A big nature turnaround is urgently needed, focused on shifting some of the $7 trillion that is financing the destruction of nature into financial flows that heal and recover it.
Currently the funds spent by governments and the private sector on destroying biodiversty and degrading cosystems like forests and seagrasses are 30 times larger than the flows supporting conservation, restoration and protection of the natural world.
The findings come in a new report from the United Nations Environment Programme (UNEP). It underlines that, from an economic standpoint alone, these flows make no sense given that around half of the world’s wealth generation or GDP relies to a greater or lesser extent on healthy natural systems.

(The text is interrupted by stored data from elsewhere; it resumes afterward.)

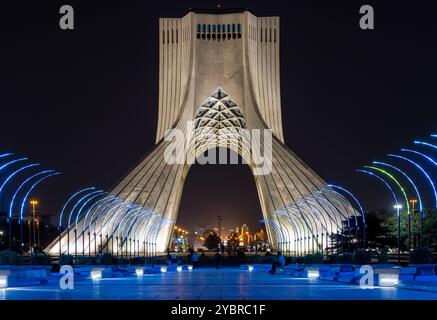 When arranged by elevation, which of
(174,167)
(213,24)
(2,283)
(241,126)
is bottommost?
(2,283)

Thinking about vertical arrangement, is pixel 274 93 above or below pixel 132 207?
above

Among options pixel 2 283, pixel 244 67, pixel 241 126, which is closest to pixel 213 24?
pixel 244 67

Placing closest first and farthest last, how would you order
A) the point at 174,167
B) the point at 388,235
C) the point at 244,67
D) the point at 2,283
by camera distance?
the point at 2,283, the point at 388,235, the point at 174,167, the point at 244,67

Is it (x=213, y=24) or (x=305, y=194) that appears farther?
(x=213, y=24)

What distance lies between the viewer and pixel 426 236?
1209 inches

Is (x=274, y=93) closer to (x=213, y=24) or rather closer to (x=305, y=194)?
(x=213, y=24)

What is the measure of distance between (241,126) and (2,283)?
32686 millimetres

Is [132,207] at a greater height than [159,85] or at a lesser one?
lesser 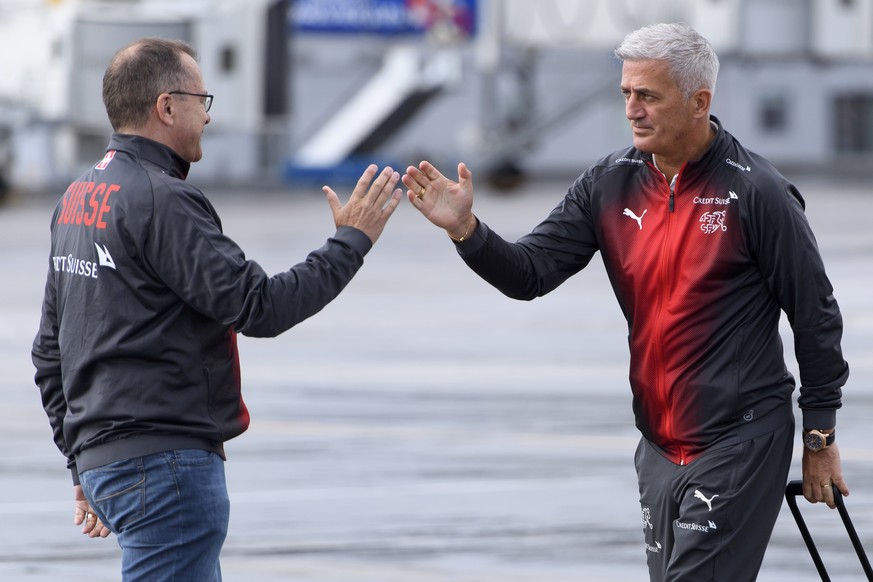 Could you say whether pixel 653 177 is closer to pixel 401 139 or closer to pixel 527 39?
pixel 527 39

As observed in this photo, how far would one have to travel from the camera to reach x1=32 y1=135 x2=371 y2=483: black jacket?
434cm

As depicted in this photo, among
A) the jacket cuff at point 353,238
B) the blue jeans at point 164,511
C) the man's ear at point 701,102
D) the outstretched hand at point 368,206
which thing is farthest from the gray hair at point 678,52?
the blue jeans at point 164,511

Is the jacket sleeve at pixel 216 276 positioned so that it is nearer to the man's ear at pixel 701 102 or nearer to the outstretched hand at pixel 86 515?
the outstretched hand at pixel 86 515

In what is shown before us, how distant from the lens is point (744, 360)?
477cm

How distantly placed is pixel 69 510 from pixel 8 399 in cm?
448

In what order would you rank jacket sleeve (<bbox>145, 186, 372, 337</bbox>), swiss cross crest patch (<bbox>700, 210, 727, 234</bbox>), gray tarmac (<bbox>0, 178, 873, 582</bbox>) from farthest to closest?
gray tarmac (<bbox>0, 178, 873, 582</bbox>) < swiss cross crest patch (<bbox>700, 210, 727, 234</bbox>) < jacket sleeve (<bbox>145, 186, 372, 337</bbox>)

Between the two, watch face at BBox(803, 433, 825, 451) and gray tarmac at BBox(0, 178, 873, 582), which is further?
gray tarmac at BBox(0, 178, 873, 582)

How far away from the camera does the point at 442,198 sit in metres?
5.18

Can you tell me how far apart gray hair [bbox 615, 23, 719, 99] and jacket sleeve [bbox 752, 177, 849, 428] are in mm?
364

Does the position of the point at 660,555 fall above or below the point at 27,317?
above

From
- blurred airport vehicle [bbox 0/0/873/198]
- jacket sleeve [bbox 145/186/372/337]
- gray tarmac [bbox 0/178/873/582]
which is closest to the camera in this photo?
jacket sleeve [bbox 145/186/372/337]

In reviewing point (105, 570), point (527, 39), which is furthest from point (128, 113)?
point (527, 39)

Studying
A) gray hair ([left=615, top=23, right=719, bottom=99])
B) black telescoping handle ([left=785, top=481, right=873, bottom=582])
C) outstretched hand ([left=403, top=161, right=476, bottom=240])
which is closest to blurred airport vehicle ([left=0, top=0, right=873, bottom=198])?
outstretched hand ([left=403, top=161, right=476, bottom=240])

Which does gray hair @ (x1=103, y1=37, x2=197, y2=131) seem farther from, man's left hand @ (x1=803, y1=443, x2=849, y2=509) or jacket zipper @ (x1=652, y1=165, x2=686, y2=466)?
man's left hand @ (x1=803, y1=443, x2=849, y2=509) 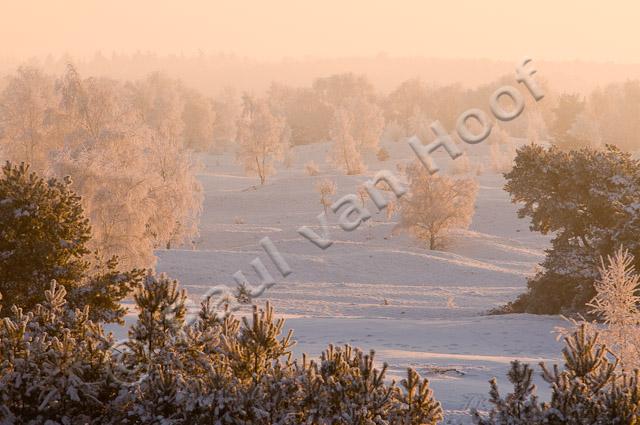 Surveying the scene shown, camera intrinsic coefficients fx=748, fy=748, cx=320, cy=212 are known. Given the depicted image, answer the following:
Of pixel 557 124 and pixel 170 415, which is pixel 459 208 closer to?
pixel 170 415

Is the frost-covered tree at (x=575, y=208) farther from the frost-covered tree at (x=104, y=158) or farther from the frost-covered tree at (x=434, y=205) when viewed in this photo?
the frost-covered tree at (x=434, y=205)

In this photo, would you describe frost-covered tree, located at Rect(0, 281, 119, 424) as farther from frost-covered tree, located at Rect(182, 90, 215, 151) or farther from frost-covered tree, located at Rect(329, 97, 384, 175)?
frost-covered tree, located at Rect(182, 90, 215, 151)

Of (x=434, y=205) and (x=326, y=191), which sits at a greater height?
(x=326, y=191)

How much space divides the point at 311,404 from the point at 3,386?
4.23 meters

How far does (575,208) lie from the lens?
→ 93.4ft

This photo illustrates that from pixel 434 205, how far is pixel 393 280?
1021cm

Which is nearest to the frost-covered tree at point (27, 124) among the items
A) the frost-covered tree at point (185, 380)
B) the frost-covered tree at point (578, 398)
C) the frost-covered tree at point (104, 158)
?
the frost-covered tree at point (104, 158)

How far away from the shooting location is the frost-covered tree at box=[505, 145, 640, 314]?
2748 cm

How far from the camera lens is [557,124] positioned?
101688mm

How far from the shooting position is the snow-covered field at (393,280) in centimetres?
2083

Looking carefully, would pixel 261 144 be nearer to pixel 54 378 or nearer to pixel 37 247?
pixel 37 247

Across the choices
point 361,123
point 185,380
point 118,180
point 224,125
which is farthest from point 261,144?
point 185,380

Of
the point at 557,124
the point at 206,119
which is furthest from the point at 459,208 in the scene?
the point at 206,119

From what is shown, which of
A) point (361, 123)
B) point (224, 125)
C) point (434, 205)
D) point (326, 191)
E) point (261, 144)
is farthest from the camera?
point (224, 125) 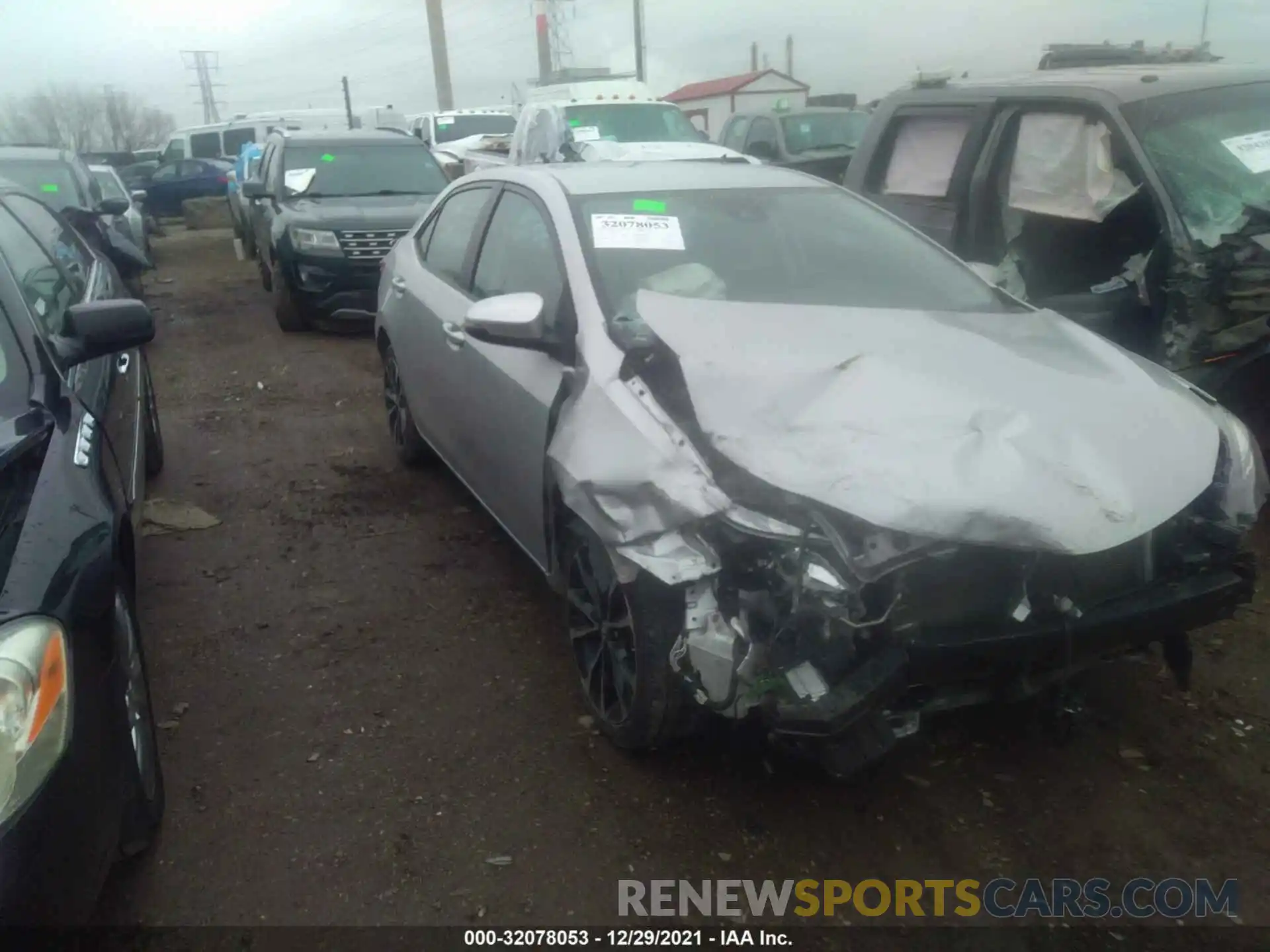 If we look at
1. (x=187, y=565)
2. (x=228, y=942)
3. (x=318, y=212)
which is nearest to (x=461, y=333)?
(x=187, y=565)

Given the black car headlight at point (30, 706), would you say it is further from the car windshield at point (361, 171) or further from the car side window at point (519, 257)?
the car windshield at point (361, 171)

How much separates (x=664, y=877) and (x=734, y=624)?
2.29ft

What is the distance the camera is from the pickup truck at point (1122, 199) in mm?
4270

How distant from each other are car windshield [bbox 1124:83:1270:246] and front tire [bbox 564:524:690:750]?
2905 mm

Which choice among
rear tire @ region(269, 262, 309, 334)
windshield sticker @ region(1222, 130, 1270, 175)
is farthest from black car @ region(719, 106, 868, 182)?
windshield sticker @ region(1222, 130, 1270, 175)

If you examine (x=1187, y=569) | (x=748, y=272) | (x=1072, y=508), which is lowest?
(x=1187, y=569)

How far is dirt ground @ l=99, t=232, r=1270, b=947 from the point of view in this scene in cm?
273

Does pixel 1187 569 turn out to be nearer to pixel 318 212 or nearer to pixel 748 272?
pixel 748 272

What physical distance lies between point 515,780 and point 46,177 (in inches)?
366

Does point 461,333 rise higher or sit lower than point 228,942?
higher

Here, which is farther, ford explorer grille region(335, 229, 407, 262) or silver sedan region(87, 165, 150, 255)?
silver sedan region(87, 165, 150, 255)

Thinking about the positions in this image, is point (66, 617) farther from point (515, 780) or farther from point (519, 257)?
point (519, 257)

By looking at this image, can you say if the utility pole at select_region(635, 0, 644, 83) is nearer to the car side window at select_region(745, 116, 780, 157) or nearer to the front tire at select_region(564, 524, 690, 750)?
the car side window at select_region(745, 116, 780, 157)

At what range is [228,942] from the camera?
254 centimetres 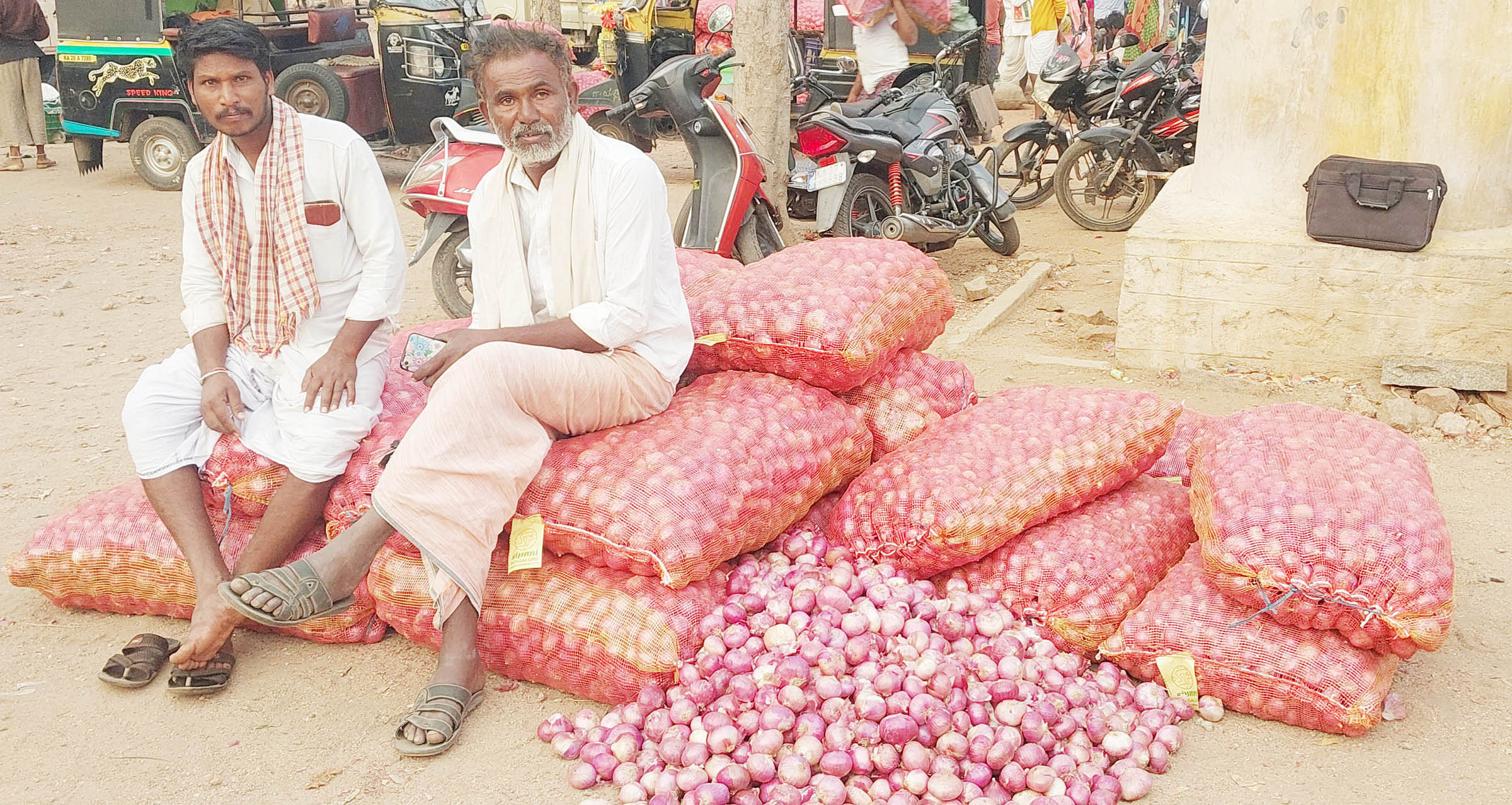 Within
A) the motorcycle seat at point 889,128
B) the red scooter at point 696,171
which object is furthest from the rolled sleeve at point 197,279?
the motorcycle seat at point 889,128

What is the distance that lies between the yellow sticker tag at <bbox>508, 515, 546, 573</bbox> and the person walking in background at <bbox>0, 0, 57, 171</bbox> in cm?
948

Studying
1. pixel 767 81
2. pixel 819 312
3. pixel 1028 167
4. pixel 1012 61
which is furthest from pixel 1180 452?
pixel 1012 61

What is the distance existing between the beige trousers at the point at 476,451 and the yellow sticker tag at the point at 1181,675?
1.47 metres

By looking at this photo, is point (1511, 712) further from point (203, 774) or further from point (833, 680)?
point (203, 774)

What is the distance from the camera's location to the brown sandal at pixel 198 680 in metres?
2.83

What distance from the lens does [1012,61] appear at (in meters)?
14.4

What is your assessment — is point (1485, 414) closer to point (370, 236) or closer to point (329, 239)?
point (370, 236)

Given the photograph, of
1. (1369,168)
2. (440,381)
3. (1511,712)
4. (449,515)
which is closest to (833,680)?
(449,515)

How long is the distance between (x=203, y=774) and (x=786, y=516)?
1.48m

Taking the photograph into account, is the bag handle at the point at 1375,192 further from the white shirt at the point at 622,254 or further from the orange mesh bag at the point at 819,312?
the white shirt at the point at 622,254

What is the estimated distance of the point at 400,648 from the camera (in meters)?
3.07

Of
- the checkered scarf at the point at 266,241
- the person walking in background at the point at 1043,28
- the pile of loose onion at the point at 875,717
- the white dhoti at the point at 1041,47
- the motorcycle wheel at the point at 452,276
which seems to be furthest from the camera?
the white dhoti at the point at 1041,47

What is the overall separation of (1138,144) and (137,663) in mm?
6615

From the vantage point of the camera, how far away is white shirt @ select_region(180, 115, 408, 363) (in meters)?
3.14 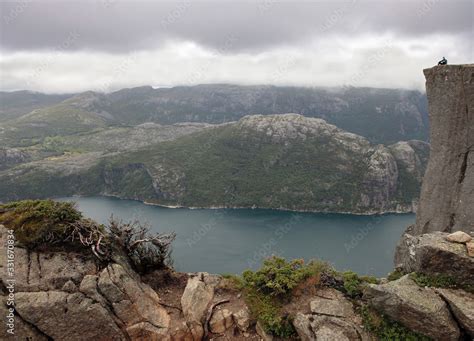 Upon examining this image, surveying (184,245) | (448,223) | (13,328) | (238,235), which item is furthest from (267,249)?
(13,328)

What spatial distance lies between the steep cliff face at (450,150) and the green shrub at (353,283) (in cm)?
698

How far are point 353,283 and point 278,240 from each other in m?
131

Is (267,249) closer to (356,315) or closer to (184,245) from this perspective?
(184,245)

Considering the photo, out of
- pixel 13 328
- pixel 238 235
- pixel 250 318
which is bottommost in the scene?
pixel 238 235

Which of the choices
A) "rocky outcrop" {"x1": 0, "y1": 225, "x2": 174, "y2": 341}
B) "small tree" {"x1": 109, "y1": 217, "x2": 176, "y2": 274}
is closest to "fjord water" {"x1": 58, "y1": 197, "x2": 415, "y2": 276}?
"small tree" {"x1": 109, "y1": 217, "x2": 176, "y2": 274}

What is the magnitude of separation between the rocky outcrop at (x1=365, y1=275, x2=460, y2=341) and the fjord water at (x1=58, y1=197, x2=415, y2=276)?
281 feet

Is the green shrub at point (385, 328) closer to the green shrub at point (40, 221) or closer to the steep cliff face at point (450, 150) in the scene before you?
the steep cliff face at point (450, 150)

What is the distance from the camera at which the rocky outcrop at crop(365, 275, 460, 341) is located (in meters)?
12.0

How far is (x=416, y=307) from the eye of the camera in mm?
12391

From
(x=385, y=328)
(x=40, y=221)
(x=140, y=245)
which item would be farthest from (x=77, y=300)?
(x=385, y=328)

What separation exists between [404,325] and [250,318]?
19.5 feet

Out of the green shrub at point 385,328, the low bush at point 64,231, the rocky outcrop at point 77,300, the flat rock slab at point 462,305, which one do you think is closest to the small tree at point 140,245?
the low bush at point 64,231

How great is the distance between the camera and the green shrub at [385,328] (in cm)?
1248

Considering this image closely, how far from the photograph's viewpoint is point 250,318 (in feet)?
48.2
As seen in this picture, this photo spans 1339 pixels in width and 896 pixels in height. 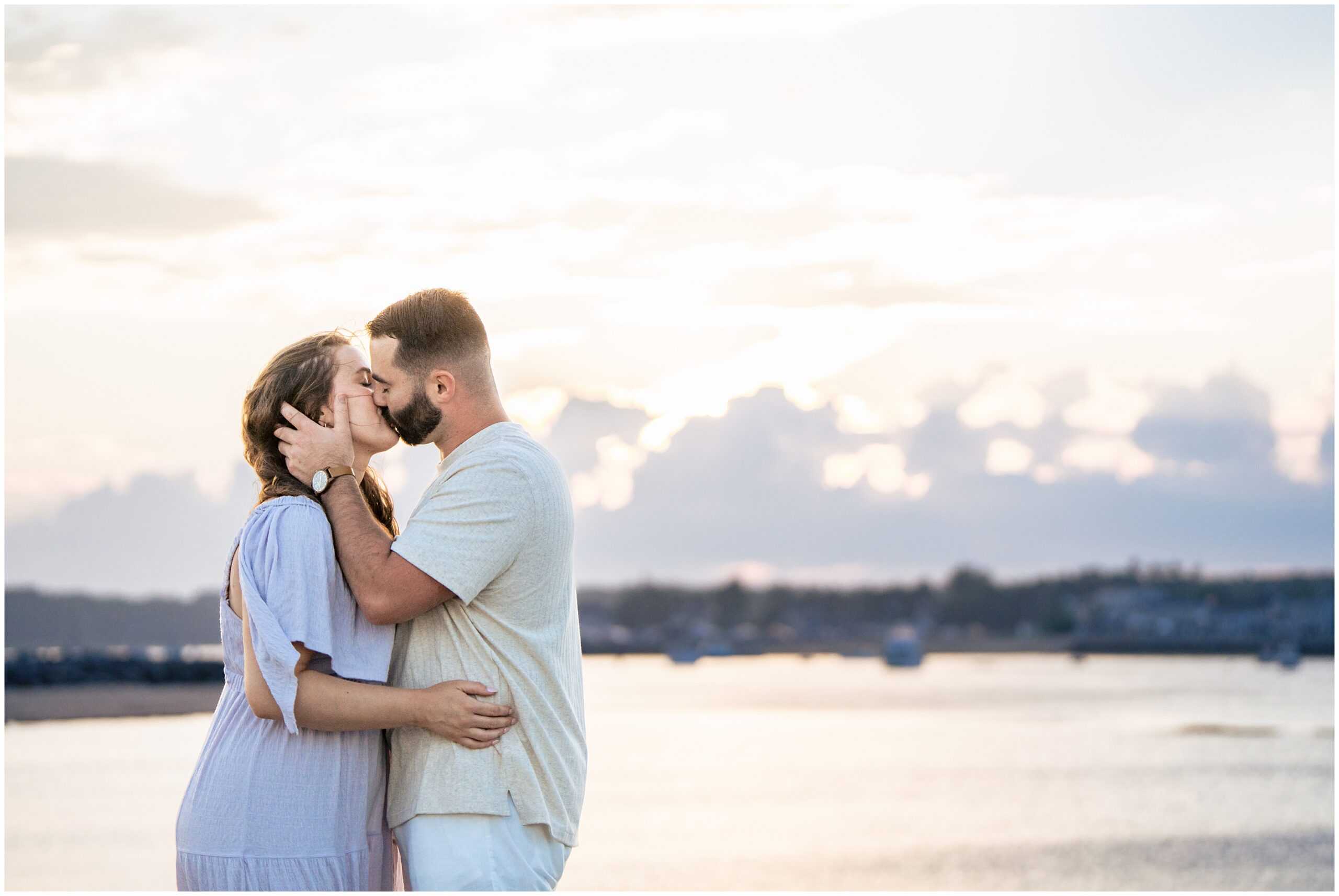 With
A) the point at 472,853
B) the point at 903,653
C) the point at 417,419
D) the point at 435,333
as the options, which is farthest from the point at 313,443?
the point at 903,653

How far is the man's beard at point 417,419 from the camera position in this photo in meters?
3.72

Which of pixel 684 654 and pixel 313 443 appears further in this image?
pixel 684 654

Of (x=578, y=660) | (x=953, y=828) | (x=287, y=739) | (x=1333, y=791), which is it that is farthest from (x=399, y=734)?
(x=1333, y=791)

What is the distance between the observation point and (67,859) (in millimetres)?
26906

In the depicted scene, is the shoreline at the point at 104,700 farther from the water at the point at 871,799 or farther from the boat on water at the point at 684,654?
the boat on water at the point at 684,654

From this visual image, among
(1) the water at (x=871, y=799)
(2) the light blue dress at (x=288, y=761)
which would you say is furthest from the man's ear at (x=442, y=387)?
(1) the water at (x=871, y=799)

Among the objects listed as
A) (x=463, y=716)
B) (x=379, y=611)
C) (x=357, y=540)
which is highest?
(x=357, y=540)

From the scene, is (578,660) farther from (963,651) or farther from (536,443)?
(963,651)

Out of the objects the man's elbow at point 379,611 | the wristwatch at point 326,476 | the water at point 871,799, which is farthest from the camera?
the water at point 871,799

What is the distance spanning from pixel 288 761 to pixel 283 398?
955mm

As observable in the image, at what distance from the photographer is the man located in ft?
11.6

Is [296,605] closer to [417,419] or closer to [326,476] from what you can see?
[326,476]

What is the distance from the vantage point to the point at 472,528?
355cm

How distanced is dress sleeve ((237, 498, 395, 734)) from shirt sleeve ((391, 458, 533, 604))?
0.22m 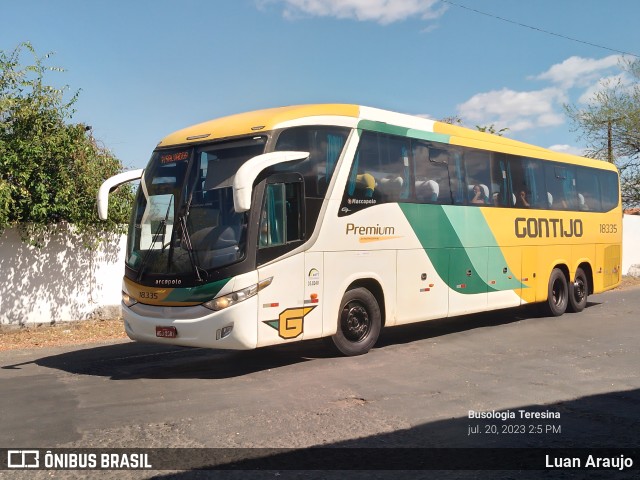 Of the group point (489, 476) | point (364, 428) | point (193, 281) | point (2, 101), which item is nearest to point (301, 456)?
point (364, 428)

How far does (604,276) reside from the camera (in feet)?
54.9

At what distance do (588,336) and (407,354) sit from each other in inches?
151

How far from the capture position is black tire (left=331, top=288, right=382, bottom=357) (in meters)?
9.86

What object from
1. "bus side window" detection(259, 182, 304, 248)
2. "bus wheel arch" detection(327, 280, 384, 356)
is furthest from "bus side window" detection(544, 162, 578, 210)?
"bus side window" detection(259, 182, 304, 248)

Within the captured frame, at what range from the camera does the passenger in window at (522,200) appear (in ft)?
45.1

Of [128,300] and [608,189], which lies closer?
[128,300]

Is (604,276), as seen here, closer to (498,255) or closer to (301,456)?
(498,255)

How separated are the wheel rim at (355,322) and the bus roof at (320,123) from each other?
276cm

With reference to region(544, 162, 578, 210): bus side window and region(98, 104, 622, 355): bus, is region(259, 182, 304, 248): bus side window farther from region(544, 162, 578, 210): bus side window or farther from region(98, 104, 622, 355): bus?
region(544, 162, 578, 210): bus side window

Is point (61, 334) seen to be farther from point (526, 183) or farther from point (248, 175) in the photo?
point (526, 183)

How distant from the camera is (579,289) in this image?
1585 centimetres

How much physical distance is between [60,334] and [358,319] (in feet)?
23.1

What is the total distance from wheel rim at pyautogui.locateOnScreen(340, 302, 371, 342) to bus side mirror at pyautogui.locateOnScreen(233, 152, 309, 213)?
2614 millimetres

Martin Krause of UNEP, Katharina Stasch of the German Economic, Cooperation and Development Ministry and Niki Mardas of the organization Global Canopy, write in the forward to the report:” Nature, on which we all depend, has become a depleted and degraded asset. Over the last decades this has only accelerated, with more species driven to extinction and vital ecosystems on the brink”.
“But as this translates into ever clearer economic impacts, particularly in high-dependency sectors like food and agriculture, the world is waking up to this most fundamental of problems,” they add.
Currently, just $220 billion a year is being invested worldwide in improving nature of which 90% comes from the public purse. The report estimates that by 2030, this needs to rise to $571 billion if nations are to meet agreed nature recovery targets under international treaties and rise again by $300 billion by 2050.
The report, Nature in the Red—State of Finance for Nature 2026, underlines that this will not happen without clear plans for change, including phasing out and repurposing harmful government subsidies totaling $2.4 trillion a year in areas such as fossil fuels, water use and agriculture.
“In the agricultural sector, environmentally harmful subsidies include direct and indirect subsidies to farmers that artificially raise crop prices or promote the overuse of inputs like fertilizers and pesticides,"says the report.
This pushes unsustainable agricultural practices versus, for example, organic, regenerative and other more sustainable forms; increases overproduction and thus the waste of food soils and provides incentives to convert more land, which can add to deforestation.
In addition to government “nature-negative” financial flows, the private sector is also investing in harm to the tune of $4.9 trillion in 2023, rising to $5.5 trillion in 2024.
The vision of a “Great Nature Turnaround”, outlined in the report, may be already stirring among governments, and there are signs that the private sector, whose role will be crucial, is also starting to up its game.
Colombia is one of the most biologically diverse countries in the world.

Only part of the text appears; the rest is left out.